A Credibilidade da Máquina do Juízo Final
No final da cena do começo deste texto, Jim menciona ao Dwight que, na verdade, o que ele criou foi uma “Máquina do Juízo Final”. O que é isso? A máquina seria uma forma de garantir o adimplemento da política de retaliação massiva em caso de ataques. Assim como o sistema do Dwight (o Schrute, não o Eisenhower) garante uma resposta automática em caso de o gatilho de erros ser ativado, a máquina também estaria programada de antemão para disparar os mísseis nucleares nos alvos designados. Uma vez publicamente anunciada1 , a máquina coloca o "medo no coração" do adversário e a certeza acima de dúvida razoável de que o oponente "está de mãos atadas" e responderá de forma absolutamente avassaladora em caso de ataques (pequenos ou grandes).
A única diferença entre o sistema desenvolvido pelo Dwight e a máquina é que, em princípio, a segunda deve ser impossível de ser cancelada, como bem nos informa o doutor no filme clássico sobre o assunto:
Muffley: But, how is it possible for this thing to be triggered automatically, and at the same time impossible to untrigger?
Strangelove: Mr. President, it is not only possible, it is essential. That is the whole idea of this machine, you know. Deterrence is the art of producing in the mind of the enemy... the fear to attack. And so, because of the automated and irrevocable decision making process which rules out human meddling, the doomsday machine is terrifying. It's simple to understand. And completely credible, and convincing.
Dr. Strangelove: or, How I learned to stop worrying and love the bomb
O anúncio público da existência da máquina e a certeza de que sua programação não pode ser cancelada é o que garante a dissuasão responsável pela paz.
A defesa da Europa ocidental vale Nova Iorque?
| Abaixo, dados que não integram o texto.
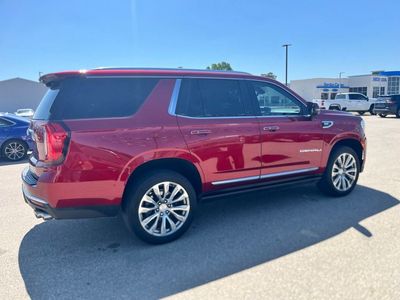 2021 GMC Yukon — detail view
E defesa do leste europeu?
Curiosamente, embora seja evidente que essa máquina nunca existiu (era apenas um exercício teórico), a Guerra Fria nunca resultou em um conflito militar direto entre as duas superpotências. O motivo dessa “paz”2 é objeto de estudo até hoje. Uma possível explicação é que talvez nunca tenha havido uma dúvida razoável de que um dos lados não iria retaliar com uma guerra total em caso de ataques localizados. Talvez fosse verdade que o compromisso dos EUA com a defesa da Europa ocidental fosse grande o suficiente para arriscar seus próprios estados.
O conflito na Ucrânia entre esse país e a Rússia reascenderam o debate sobre a doutrina da “retaliação massiva”. Diversos países pertencentes a OTAN estão auxiliando indiretamente o lado ucraniano. O que aconteceria se a Rússia atacasse um deles como “retaliação”? Até onde os americanos estariam dispostos a ir em defesa de países da Europa oriental? O mundo todo prendeu a respiração por algumas horas quando mísseis caíram em território polonês. Por breves instantes, pareceu que a convicção americana seria testada e com ela uma doutrina que, goste dela ou não, pode ter salvado o mundo de um conflito mundial no século passado.
E é algo fundamental que ela seja anunciada, como nos lembra um famoso doutor:
“Strangelove: Yes, but the... whole point of the doomsday machine... is lost... if you keep it a secret! Why didn't you tell the world, eh?” (Dr. Strangelove: or, How I learned to stop worrying and love the bomb)
A paz é entre aspas, é claro. Durante a Guerra Fria existiram diversas guerras que se inseriam no conflito geopolítico, embora não envolvessem diretamente as duas superpotências simultaneamente.